今日は、7月4日(月)東京新聞の「あの人に迫る」からです。
「あの人」は、「ケーキの切れない非行少年たち」の著者、児童精神科医の宮口幸治教授(立命館大)の話に注目しました。2日に分けて紹介します。
★「ケーキの切れない非行少年たち」が80万部を超える大ヒットした要因
・本で紹介したような認知機能の弱い非行少年たちの姿が読者自身の経験に重なり、「そういうことだったのか」という気づきとともに受け入れられたのだと思う。
・言い換えれば、必要な支援を受けられない人が周りにたくさんいるということ。
★医療少年院の経験
・本当に困っている子どもたちの一部は事件の加害者になり、病院ではなく医療少年院に集められているのを知った。
・病院に来る子どもたち(発達障害の小学生や虐待を受けた子どもたち)と共通点が多いと思ったが、実際には全然違っていた。
・殺人事件を起こした少年に「自分のことをどういう人間だと思うか」と聞くと、「自分はやさしい人間だ」と返ってくる。
・高校生の年齢でも丸いケーキを三等分できない。
・明らかに「見る」「聞く」「想像する」などの認知機能や知的能力の問題があるのに見落とされ、病院にも来られない。

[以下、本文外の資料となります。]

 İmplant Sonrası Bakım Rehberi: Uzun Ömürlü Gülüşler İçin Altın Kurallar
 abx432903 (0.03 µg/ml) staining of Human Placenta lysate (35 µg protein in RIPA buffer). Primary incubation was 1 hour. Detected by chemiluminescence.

・そんな少年たちがいかに挫折を経験し、どれだけ生きづらさを感じてきたのか、考えさせられた。
★医療少年院の子ども実態
・今の世の中でやっていくにはIQ100以上ないと厳しいと言われている。85未満だと相当なしんどさを感じている可能性があるが、知的障害とは認定されずに支援につながることもなく、不真面目だと思われてしまうこともある。

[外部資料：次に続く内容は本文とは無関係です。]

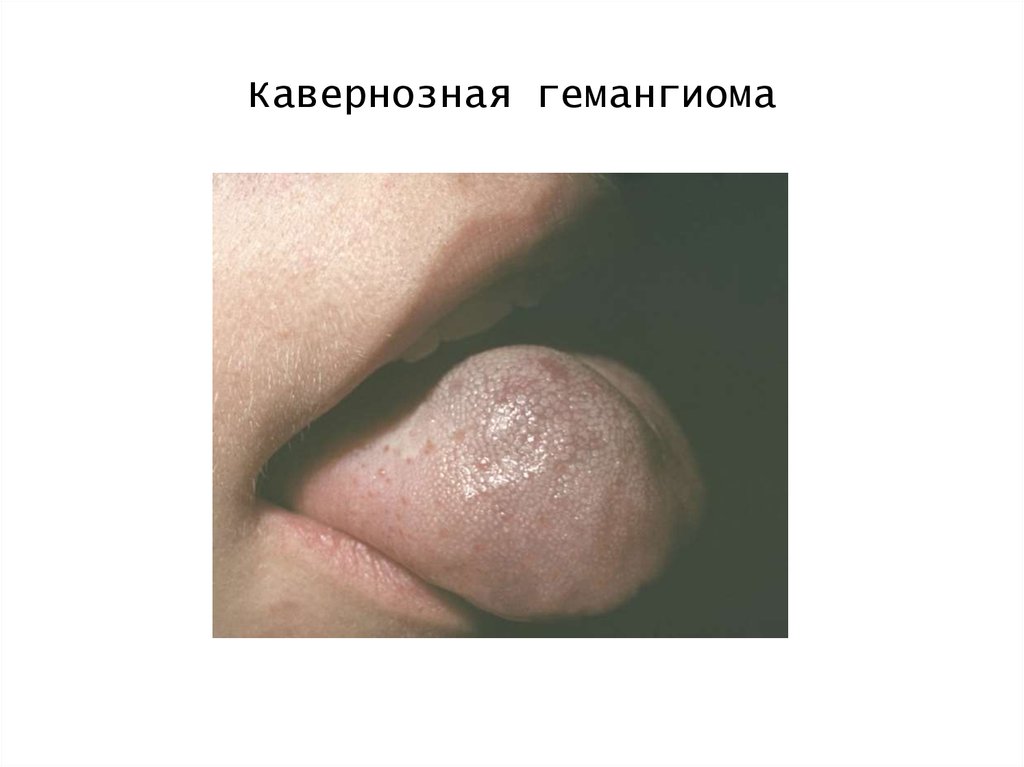 Кавернозная гемангиома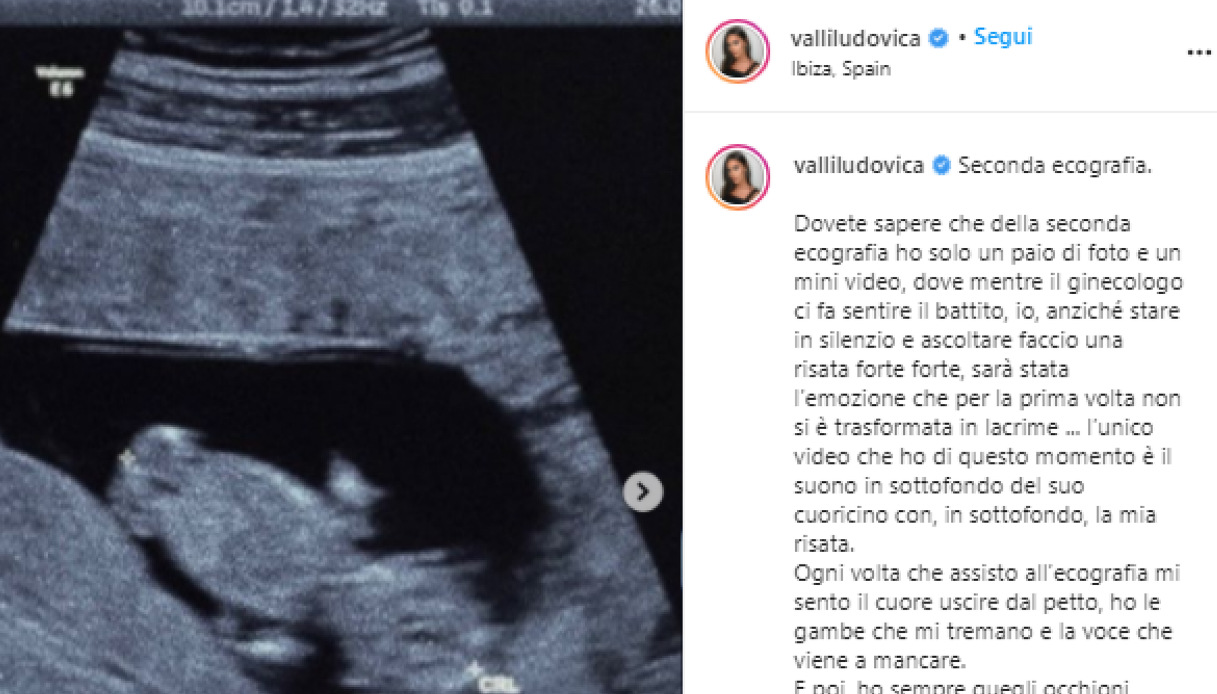 ludovica-valli-ecografia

・学校では授業が理解できずに学習面でつまずき、友人とも年相応の会話についていけず、ストレスを感じる。
・「自分はだめな人間だ」と考えるようになり、引きこもったり、犯罪やトラブルに巻き込まれたりするようになってしまう。
★非行少年に共通する特徴
①認知機能が弱いと、予測する力が問題になる。例えば、お金がなくて困った時は盗んだ後の予測ができないので、安易に目の前にあるお金を盗んでしまう。
②融通が利かない子だと、いったん方法を思いつくと別の選択をできない。
同世代の子を一緒に見る教員が最も気づきやすいはずで、学校でいかに早くすくい上げて支援するかがとても重要だとおっしゃっています。